Je ne sais pas s'il m'a entendue car il ne réplique pas et s'assoit.
Il ne tient pas plus de deux minutes avant de m'adresser à nouveau la parole. Je le sais, j'ai compté.
— Est-ce qu'un jour tu me pardonneras ? Est-ce que j'aurai la chance de me racheter ?
— Commence par te taire, peut-être auras-tu une chance de remonter dans mon estime ! cinglé-je
— Mais...
— Nos échanges doivent se limiter à un cadre strictement professionnel dorénavant. Donc si tu as une question, ce sera pour me parler journalisme.
Inspire. Expire. Ça va aller. Bientôt il sera loin d'ici. Tout ce que tu as à faire, c'est être aussi douée que d'habitude. Tu n'as qu'à gagner.
— Je te laisserai tranquille dès que tu auras répondu à ma question.
— Je n'ai plus aucun compte à te rendre, coupé-je froidement. Et j'ai pratiqué du kick-boxing l'an dernier, donc si tu continues je te pète le nez.
Un silence éloquent me répond.
— Quoi ? Tu n'as quand même pas fait ça à cause de moi ? Tu ne te trouves pas un peu puérile là, avec ta pratique des arts martiaux et tes répliques de garce ?
Je me tends. Si chaque mot qui sort de sa bouche est pareil à une lame, ceux-là sont terriblement tranchants.
— C'est ça ta question ?! lâché-je sèchement.
— Non ! se précipite de corriger Jayden. Ce que je veux savoir c'est si... si tu... m'aimes encore.
Si en sa présence je dois constamment me rappeler de respirer, mon cœur lui, je ne peux pas le forcer à battre. Et merde, j'ai l'impression que chaque battement risque d'être le dernier.
Je me force à inspirer et expirer. Il faut que je me calme, il veut juste savoir si des fichus sentiments risquent de gêner son travail ici. C'est une question aussi banale que la météo.

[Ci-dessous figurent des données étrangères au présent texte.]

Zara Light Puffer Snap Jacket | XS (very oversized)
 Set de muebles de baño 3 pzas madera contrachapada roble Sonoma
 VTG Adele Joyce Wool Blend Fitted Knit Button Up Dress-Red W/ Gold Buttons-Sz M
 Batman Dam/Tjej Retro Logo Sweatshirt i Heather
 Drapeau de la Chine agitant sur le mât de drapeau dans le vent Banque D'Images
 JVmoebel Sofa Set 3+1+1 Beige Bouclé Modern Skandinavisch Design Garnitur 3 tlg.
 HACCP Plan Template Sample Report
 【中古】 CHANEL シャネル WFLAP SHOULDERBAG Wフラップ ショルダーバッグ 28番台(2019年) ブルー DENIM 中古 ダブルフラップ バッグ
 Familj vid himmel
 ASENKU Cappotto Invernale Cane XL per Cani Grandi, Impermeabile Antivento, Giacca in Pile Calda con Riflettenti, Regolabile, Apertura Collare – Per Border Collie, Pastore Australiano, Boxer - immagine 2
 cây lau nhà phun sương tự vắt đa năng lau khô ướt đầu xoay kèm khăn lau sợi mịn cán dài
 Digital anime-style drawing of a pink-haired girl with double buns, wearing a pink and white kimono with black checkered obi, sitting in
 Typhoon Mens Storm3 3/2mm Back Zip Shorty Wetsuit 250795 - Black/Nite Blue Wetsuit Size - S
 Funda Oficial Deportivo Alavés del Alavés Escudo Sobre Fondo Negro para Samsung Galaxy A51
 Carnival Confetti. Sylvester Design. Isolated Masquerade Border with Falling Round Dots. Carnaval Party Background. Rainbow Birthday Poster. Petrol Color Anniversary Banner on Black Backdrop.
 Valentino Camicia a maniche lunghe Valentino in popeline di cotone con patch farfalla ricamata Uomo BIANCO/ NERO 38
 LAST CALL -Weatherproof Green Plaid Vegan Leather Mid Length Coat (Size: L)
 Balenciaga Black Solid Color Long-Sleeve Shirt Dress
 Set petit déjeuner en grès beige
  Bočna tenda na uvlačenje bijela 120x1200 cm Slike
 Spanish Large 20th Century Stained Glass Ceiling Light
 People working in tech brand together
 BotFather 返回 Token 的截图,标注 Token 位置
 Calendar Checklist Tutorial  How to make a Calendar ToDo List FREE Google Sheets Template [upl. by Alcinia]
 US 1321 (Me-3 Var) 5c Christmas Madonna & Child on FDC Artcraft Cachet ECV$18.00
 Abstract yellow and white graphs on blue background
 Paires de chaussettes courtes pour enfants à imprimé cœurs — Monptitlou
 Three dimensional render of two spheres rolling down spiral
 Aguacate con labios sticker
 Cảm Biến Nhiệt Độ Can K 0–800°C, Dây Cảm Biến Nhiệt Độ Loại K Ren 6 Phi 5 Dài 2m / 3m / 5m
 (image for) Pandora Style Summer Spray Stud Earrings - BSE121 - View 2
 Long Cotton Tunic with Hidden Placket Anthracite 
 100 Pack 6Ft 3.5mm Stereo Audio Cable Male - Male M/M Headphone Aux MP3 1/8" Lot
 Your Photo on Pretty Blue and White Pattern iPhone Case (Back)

Je me force à détendre mes muscles et relâcher ma prise sur le crayon de papier dans ma main. Il tombe discrètement, brisé en deux.
— Qu'est ce que ça peut te faire ?! demandé-je plus sèchement que je ne l'aurais voulu. Tu as Flore. La si jolie et gentille Flore qui est justement la fille du patron du plus grand journal du pays.
Son siège racle le sol, signe qu'il se lève et mon corps se tend sachant ce qui va suivre.
Il attrape mon poignet, fait tourner mon siège à roulettes et je me retrouve face à lui qui me domine de toute sa hauteur. Son regard s'est fait meurtrier.
— Je t'interdis de dire ça ! Je tiens réellement à Flore. Elle a été ma première petite amie, et ma meilleure amie. C'est elle qui m'a sorti du gouffre dans lequel m'a plongé notre séparation et c'est la seule à avoir été là quand...
Il ne termine pas sa phrase mais je devine ce qu'il allait dire. Elle était là après l'accident qui a tué sa mère et plongé sa sœur dans un état végétatif.
Je me souviens avoir déjà entendu son nom. C'était elle sa seule amie à New York avec... Marc avant qu'il n'ouvre le feu. Pas de doute que ce genre de tragédies rapproche.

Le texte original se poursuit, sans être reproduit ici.